Oleh karena itu, jurnalis harus mengecek kembali produk yang dihasilkan oleh AI. Dengan begitu, bias dan ketidakakuratan data dapat dikoreksi sebelum dipublikasikan.
AI memang memberikan kemudahan bagi jurnalis terutama dalam menulis berita repetitif, seperti pertandingan olahraga dan informasi cuaca. Namun, aspek kreatif dan imajinatif yang dimiliki manusia belum bisa digantikan.
”ChatGPT itu seperti personal editor. Jadi, kita yang memasukkan konten, lalu AI menulisnya dengan cepat. Namun, datanya harus dari kita. Setelah selesai, tetap perlu diperiksa apakah datanya benar atau tidak,” katanya.
Managing Editor Kompas.com Amir Sodikin mengatakan, kemunculan AI menghadirkan dilema besar bagi dunia jurnalisme. Dilema tersebut menyangkut akurasi, pekerjaan jurnalis digantikan oleh AI, privasi dan keamanan data, transparansi dan akuntabilitas, duplikasi konten, sensitivitas dan trauma, serta kurangnya pemahaman dan kontekstual.
”Bisa jadi dunia informasi nanti kebanyakan diproduksi oleh mesin-mesin yang tidak ada sisi humanisnya dan tidak ada sisi interaksi manusianya,” ujarnya.
Akan tetapi, media tidak bisa sembunyi dari kemajuan teknologi. Sebab, AI juga memberikan peluang bagi jurnalis untuk membantu pekerjaannya.
Amir mengatakan, pihaknya telah memanfaatkan AI dalam beberapa hal, salah satunya penggunaan virtualhost. Selain itu, dipakai AI dipakai juga untuk mengkreasi konten-konten informatif, tips-tips, dan wisata.
”Untuk tips-tips general yang tidak spesifik, mereka (ChatGPT) masih oke. Ini semua ada editornya untuk melihat apakah konteks dan referensinya benar,” lanjutnya.
Penafian
Amir menuturkan, pihaknya menekankan sejumlah aturan penggunaan AI kepada para jurnalisnya. Konten AI, baik narasi, foto, maupun ilustrasi, harus disertai dengan disclaimer atau penafian. Hal ini sebagai pertanggungjawaban kepada pembaca.

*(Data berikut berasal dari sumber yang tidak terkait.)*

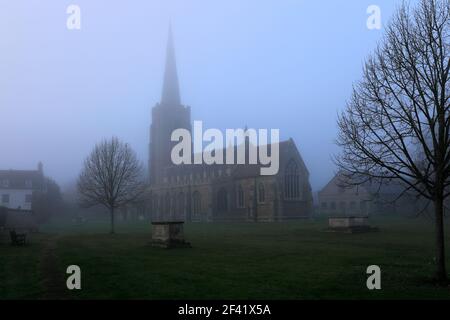 Herbstlicher Blick über die St. Wendredas Kirche, March Town, Cambridgeshire, England, Großbritannien Stockfoto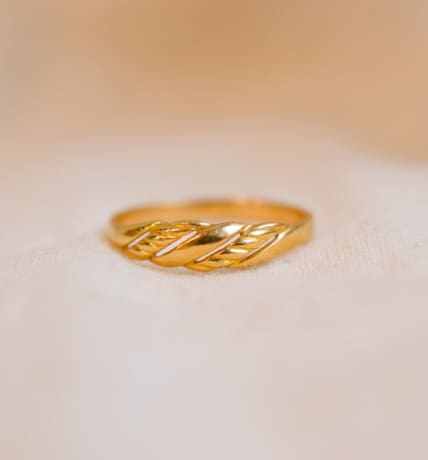 Bague en Or jaune 18 carats torsadée et ajourée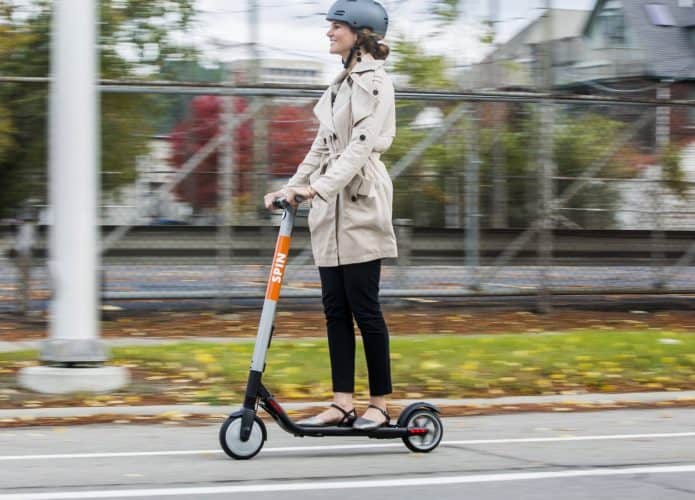 Pessoa usando uma scooter Spin, que agora está integrada ao Google Maps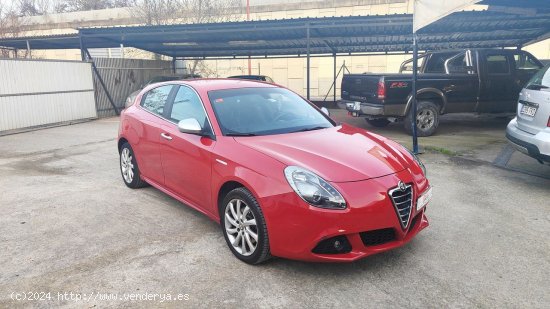 Alfa Romeo Giulietta 2.0 JTDM - Cornella de Terri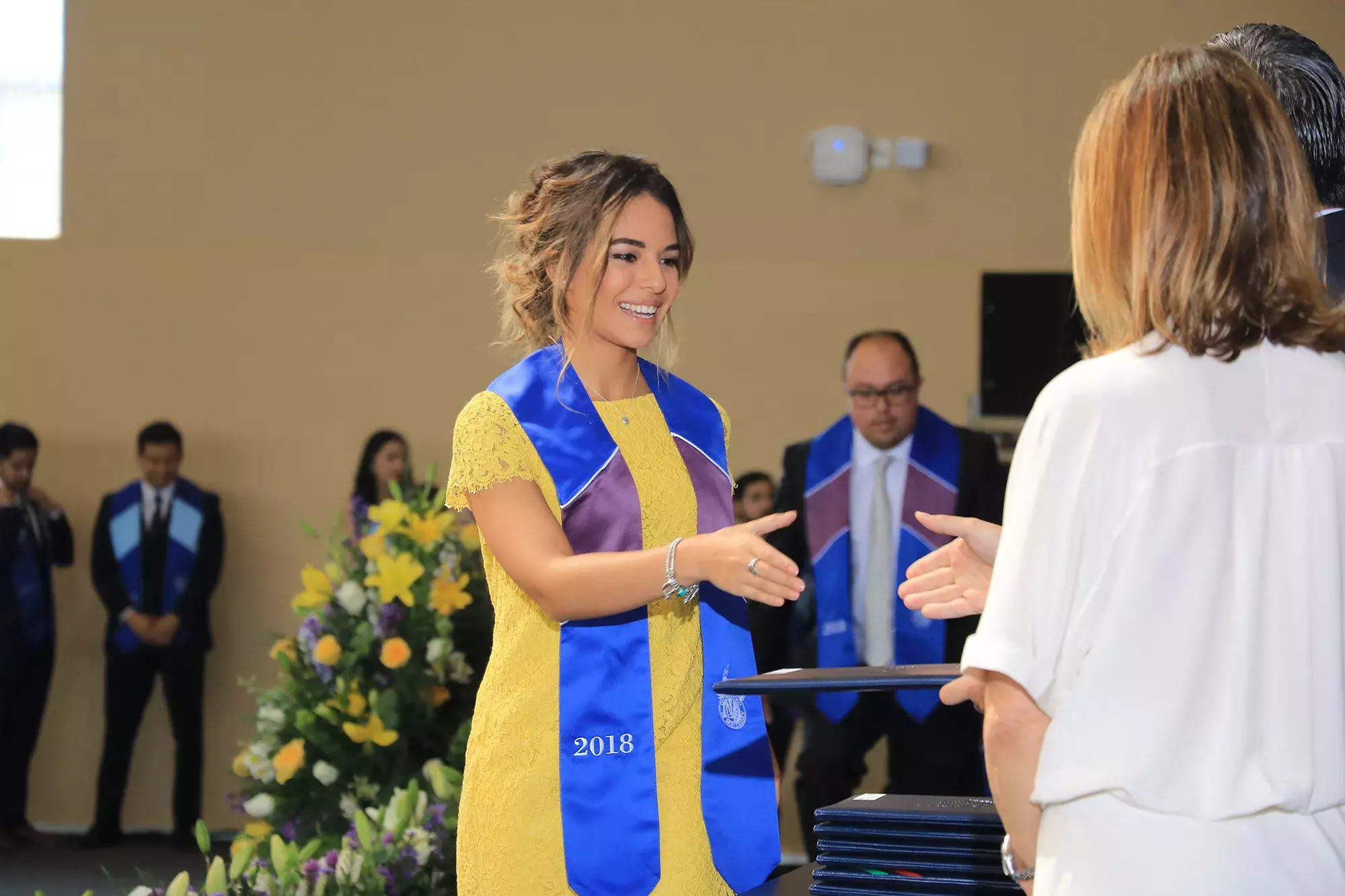 alumna recibiendo su título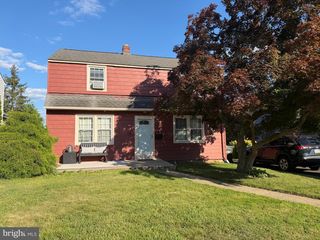 335 FOREST AVE, Willow Grove, PA 19090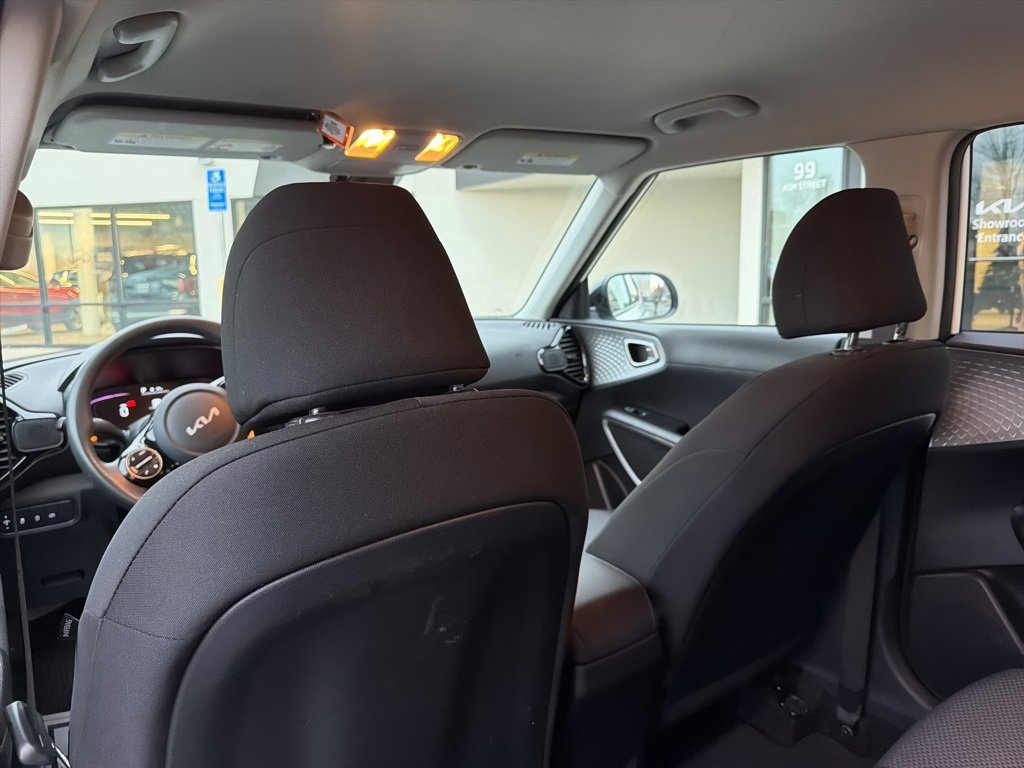 Certified 2023 Kia Soul S image 22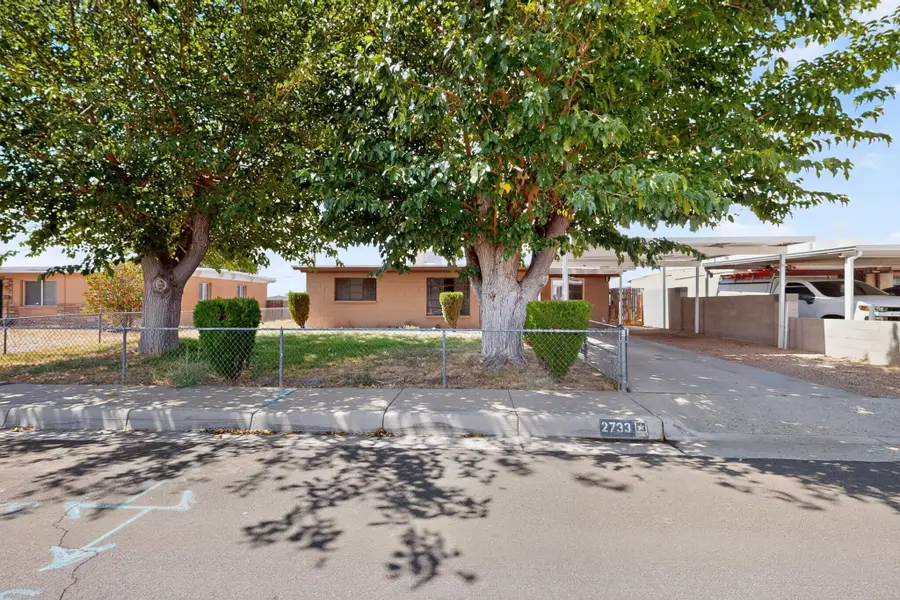 2733 Indiana Street Ne, Albuquerque, NM 87110 - #2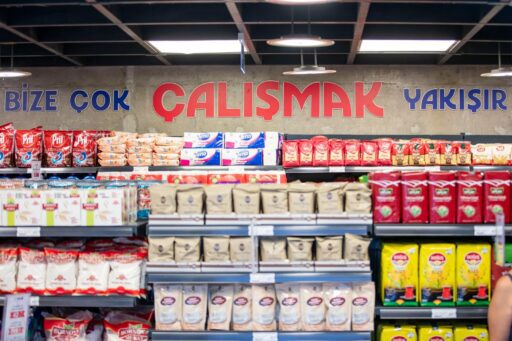 İzmir Büyükşehir Belediyesi’nin tanzim satış mağazaları İZMAR,  dokuzuncu şubesini Tarihi Kemeraltı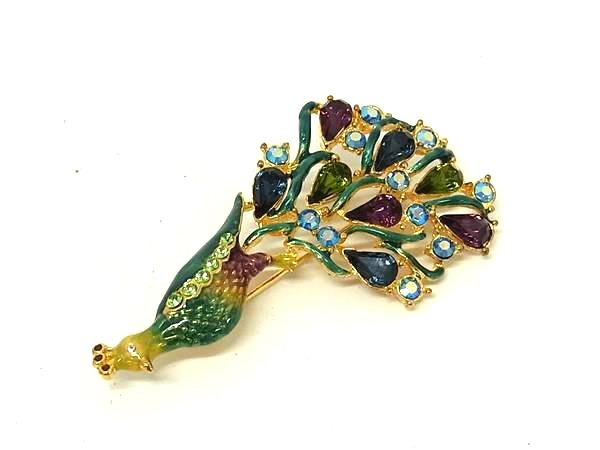 ■美品■ Mamselle マムゼル ビジュー ピンバッジ ピンブローチ アクセサリー レディース ゴールド系 DN2011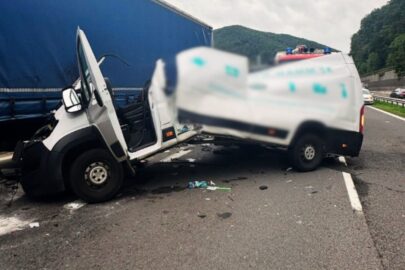Furgon w strzępach po wypadku na słowackiej R1
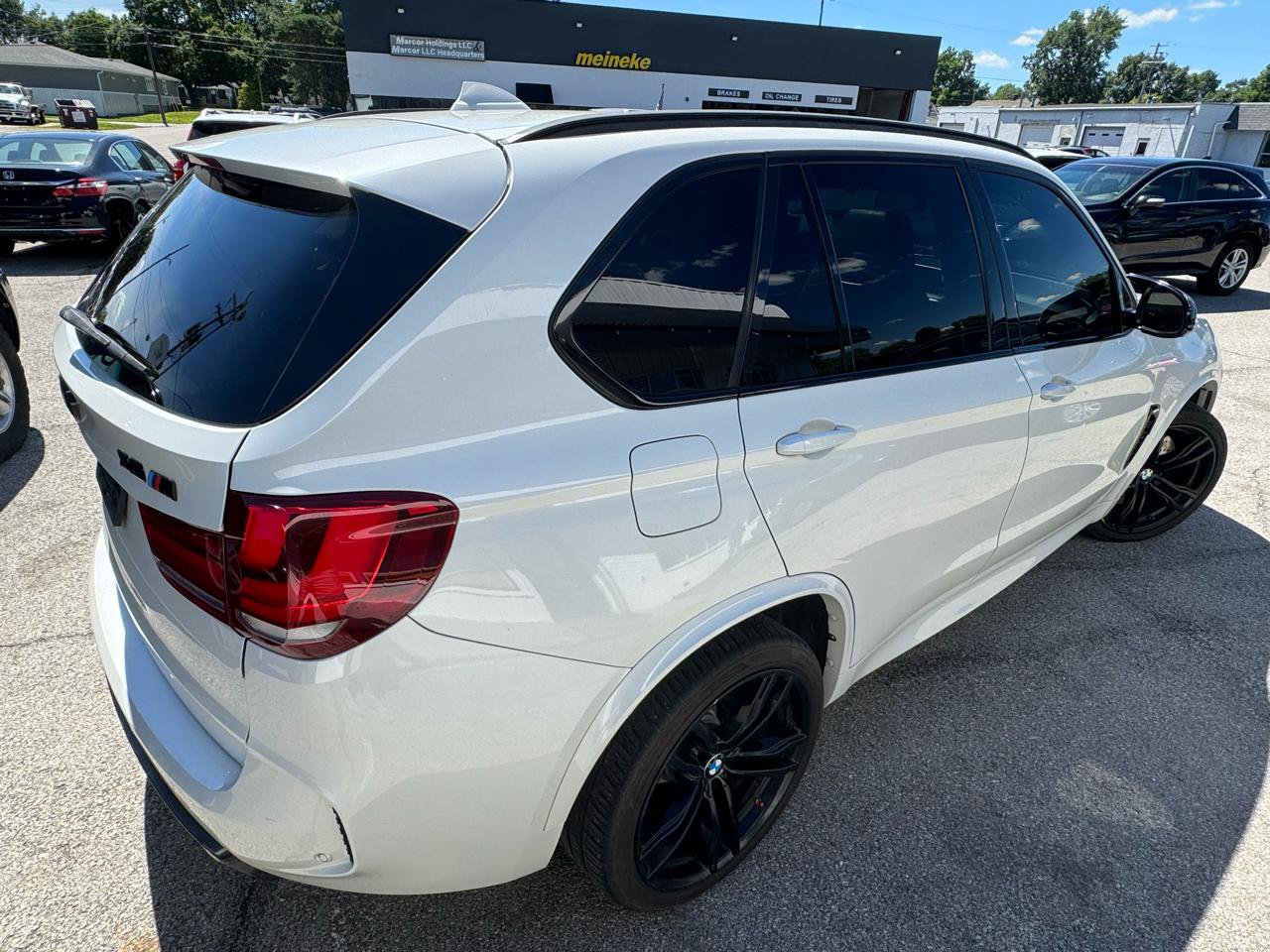 Used 2016 BMW X5 M AWD/4WD image 12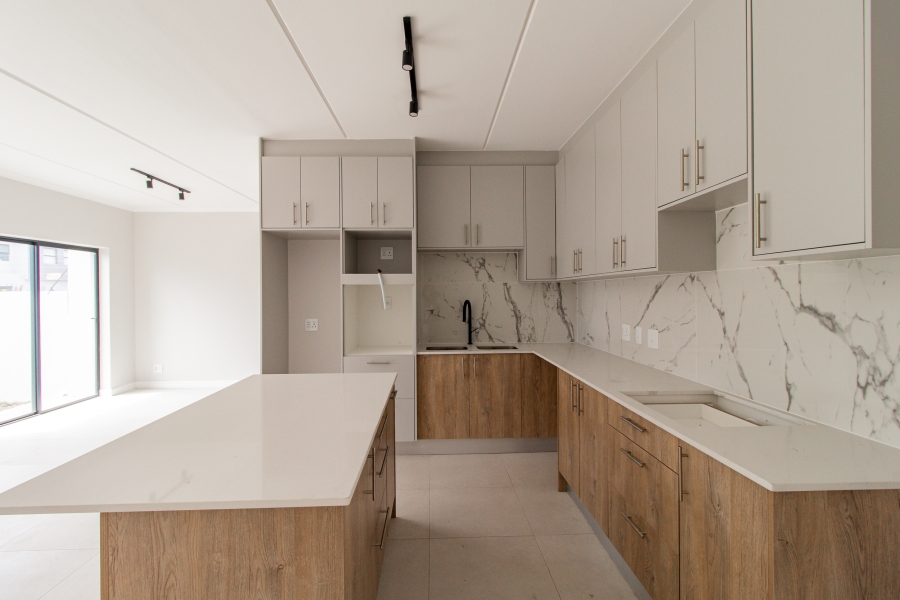 3 Bedroom Property for Sale in Sandown Western Cape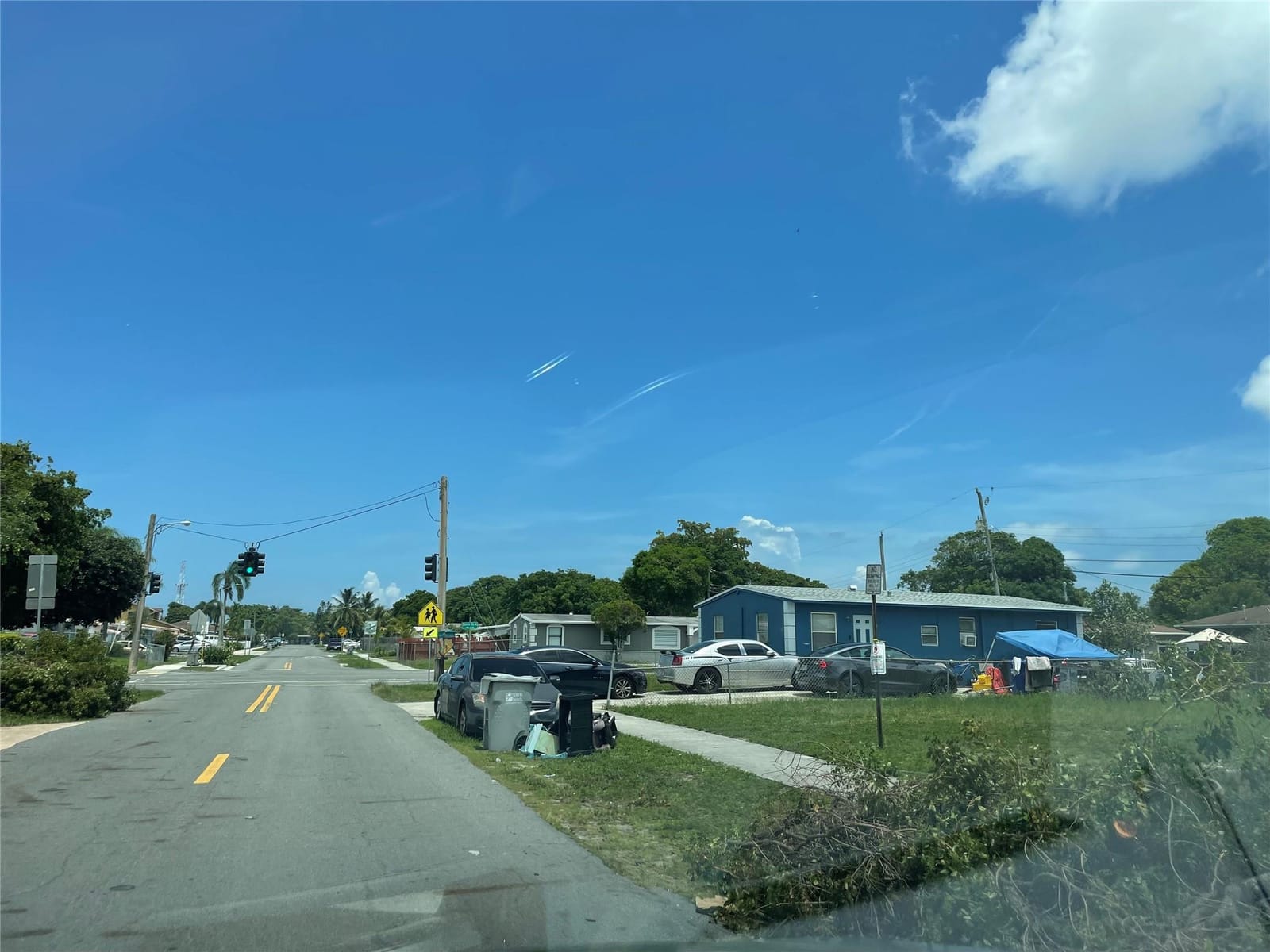 1589 NW 6th Avenue — photo 3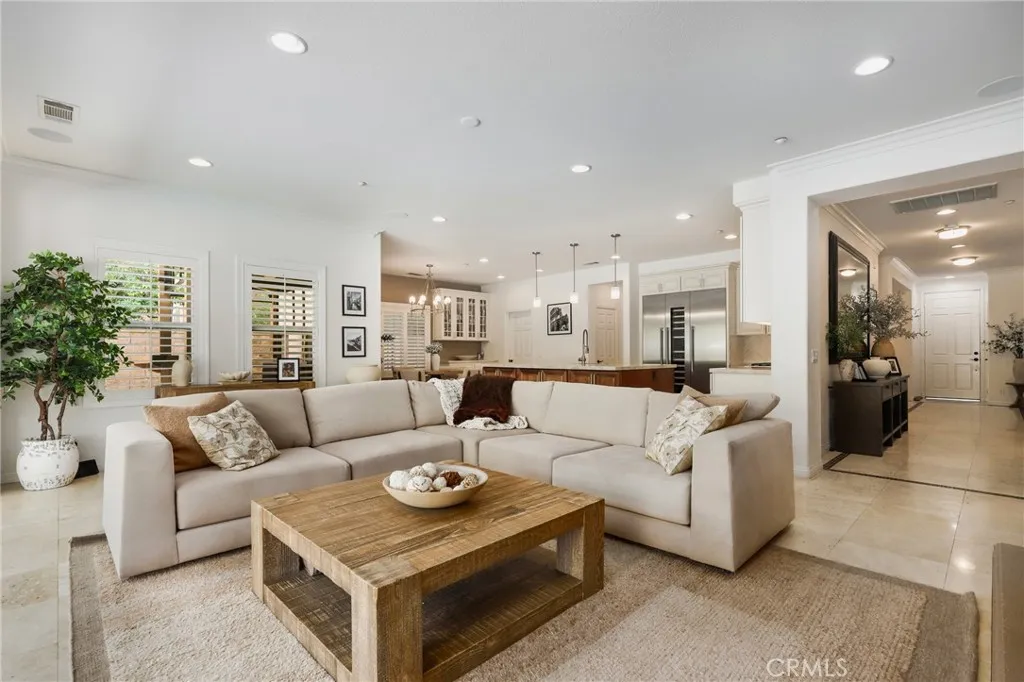 2571 N Skytop Court, Orange, California 92867 home-pic-15
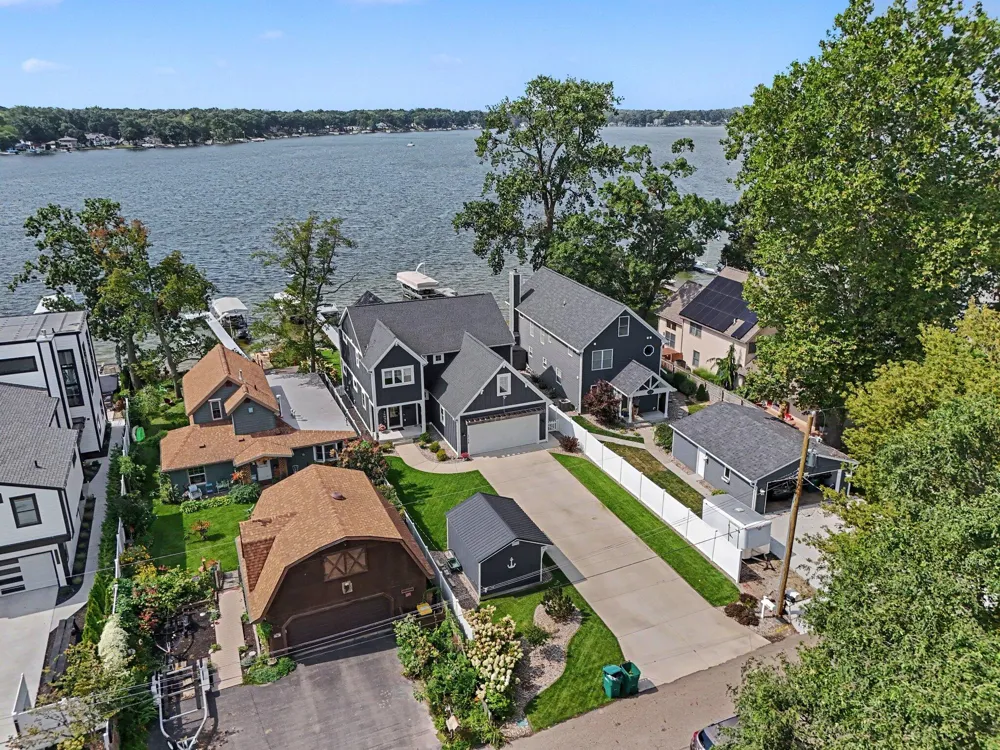 2138 Ames Drive Portage, MI 49002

Pihaknya juga tidak memakai AI untuk konten keuangan dan kesehatan karena akan berakibat fatal jika terjadi kesalahan. ”Kalau di kesehatan dampaknya bisa membunuh orang. Sementara di ekonomi bisa membuat orang bangkrut,” ucapnya.
Amir menambahkan, dalam jurnalisme, AI bisa dimanfaatkan untuk berbagai hal, seperti mencari angle pemberitaan, mengedit sederhana, menerjemahkan bahasa, membuat ringkasan, dan mengubah teks menjadi audiovisual.
”Setiap proses akan dengan mudah digantikan oleh AI. Namun, ada yang tidak bisa digantikan, yaitu yang membutuhkan interaksi manusia. Kalau kita ingin memperbaiki jurnalisme, mau tidak mau reporter turun ke lapangan untuk bertemu dengan orang-orang. Liputan itu membedakan dengan produk AI,” tuturnya.